Sailing Through the Trade Winds

Passage Notes (continued)

Inclement weather brewing. The camera is more-or-less level and aiming at the far horizon, but the horizon has been obscured by a large wave rolling towards us. Luckily most of the waves were non-breaking.  

Sunday, May 2, 2004 (Day 9 of the Easter Island Passage)

My night watch last night passed very quickly and was quite pleasant. The sails were drawing well, the wind was steady, and the boat speed was great—what more could you want? The moon continues to wax and is now more than half full, so it stays up for my entire watch and provides some welcome illumination, although at the expense of drowning out the Milky Way and the lesser stars.

On my morning watch, the GPS "distance remaining" finally dropped below 1,000 miles and we all cheered. Of course, we are still not even halfway there, which is not too surprising—Pacific Ocean distances are vast!

Late in the afternoon, the sky became increasingly cloudy and there were rain showers visible here and there. It felt cooler, too, and I was a little bummed at the prospect of spending my night watch in cool rainy weather, compared to the benign and even pleasant weather on recent nights. Marcie's the one who usually gets the rain, not me. We managed to miss all the rain showers, just by luck, not by design. As dusk arrived, the weather improved and we had a spectacular and colorful South Seas sunset.
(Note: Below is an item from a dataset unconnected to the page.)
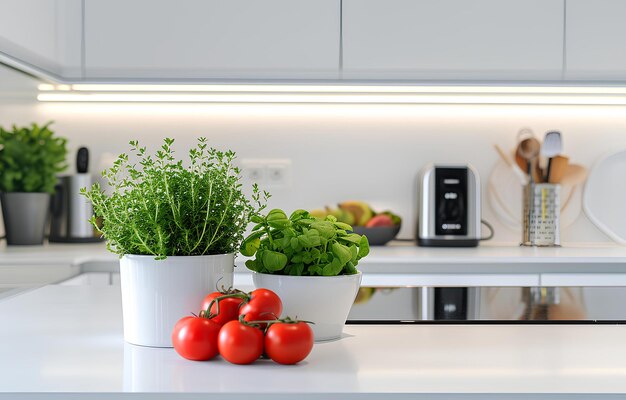 General view of white modern kitchen with countertop with plant in pot and kitchen equipment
Overall the day passed amazingly quickly, and I did very little other than routine passage-making duties. I have been reading the book Beach Music by Pat Conroy, which so far has been very good—he's a good descriptive writer who provides lots of satisfying detail. When I started my 8:00 p.m. watch, David fired-up the ham rig and sent some Pactor messages, including a position report and an email I had sent to a few folks.